Answer
- Recurrence \(a_k = 2\,a_{k-1} + 3\,a_{k-2}\).
- Characteristic equation: \(t^2 - 2t - 3=0\).
- Roots: \(t=3\) or \(t=-1\).
- General form: \(a_k = A\,3^k + B\,(-1)^k\).
- With \(a_0=1, a_1=2\), we get \(a_k = \tfrac{3}{4}\,3^k + \tfrac{1}{4}\,(-1)^k.\)
Work Step by Step
## General Background: Characteristic‐Equation Method
For a second‐order linear recurrence of the form
\[
x_k \;=\; A\,x_{k-1} \;+\; B\,x_{k-2},
\]
we look for solutions of the form \(x_k = t^k\). Substituting \(t^k\) into the recurrence and dividing by \(t^{k-2}\) (assuming \(t\neq 0\)) yields the **characteristic equation**:
\[
t^2 \;=\; A\,t \;+\; B,
\quad\text{i.e.}\quad
t^2 - A\,t - B = 0.
\]
Its two roots \(r_1,r_2\) (which might be equal) give the **general homogeneous solution**:
\[
x_k \;=\; \alpha\,r_1^k \;+\; \beta\,r_2^k.
\]
Then the initial conditions determine the constants \(\alpha,\beta\).
---
## The Recurrence \(a_k = 2\,a_{k-1} + 3\,a_{k-2}\)

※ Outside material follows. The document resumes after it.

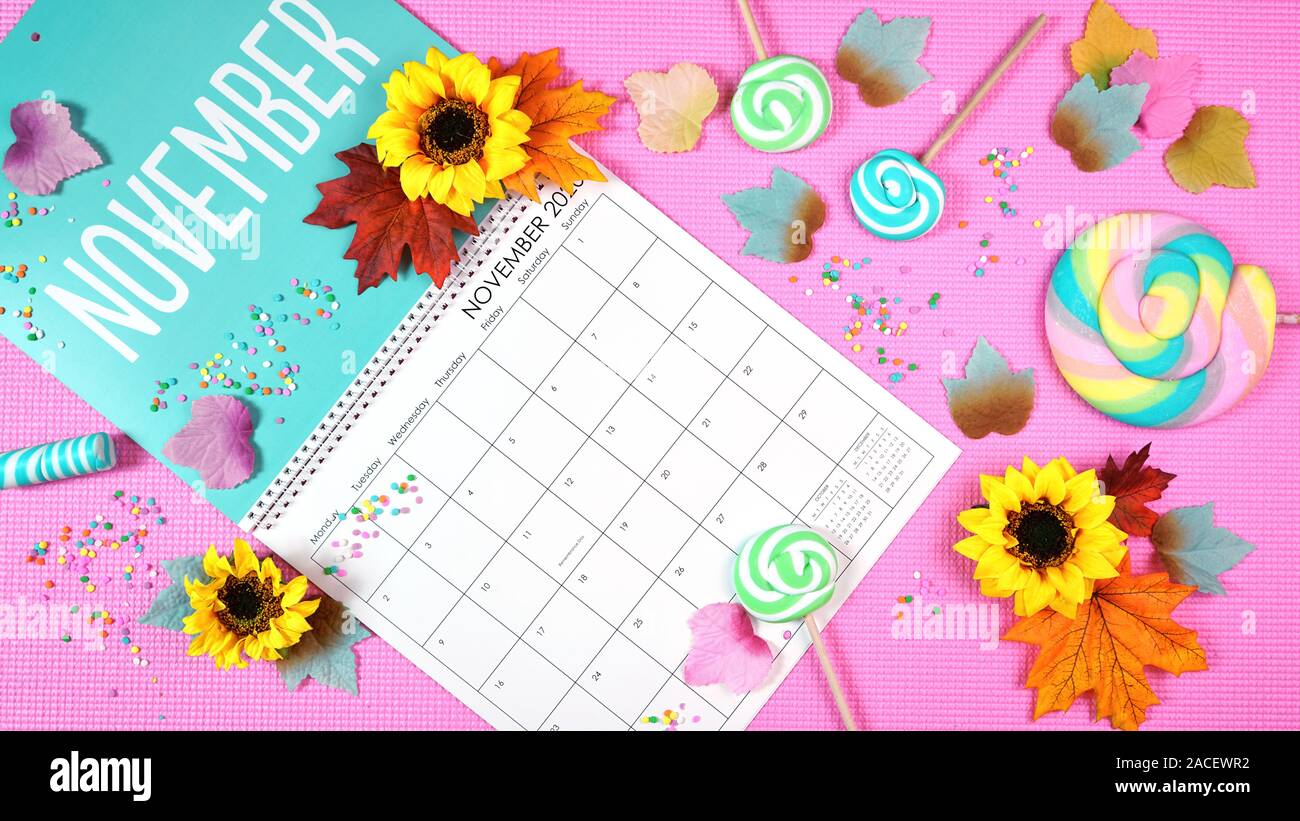 On-trend 2020 calendar page for the month of November modern flat lay with seasonal food, candy and colorful decorations in popular pastel colors. One Stock Photo
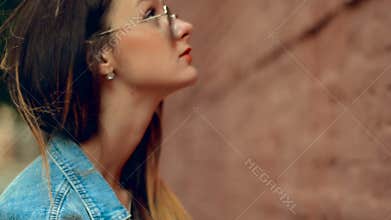 Lovely young blonde woman with red lips posing at the brick wall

### (a) Find all possible \(t\) so that \(t^n\) is a solution
1. Write the characteristic equation by setting \(a_k = t^k\):
\[
t^k = 2\,t^{k-1} + 3\,t^{k-2}.
\]
Divide by \(t^{k-2}\) (assuming \(t \neq 0\)):
\[
t^2 = 2\,t + 3.
\]
Hence the characteristic equation is
\[
t^2 - 2\,t - 3 = 0.
\]
2. Factor or use the quadratic formula:
\[
(t - 3)(t + 1) = 0
\quad\Longrightarrow\quad
t = 3 \quad\text{or}\quad t = -1.
\]
So the two possible values of \(t\) are \(3\) and \(-1\).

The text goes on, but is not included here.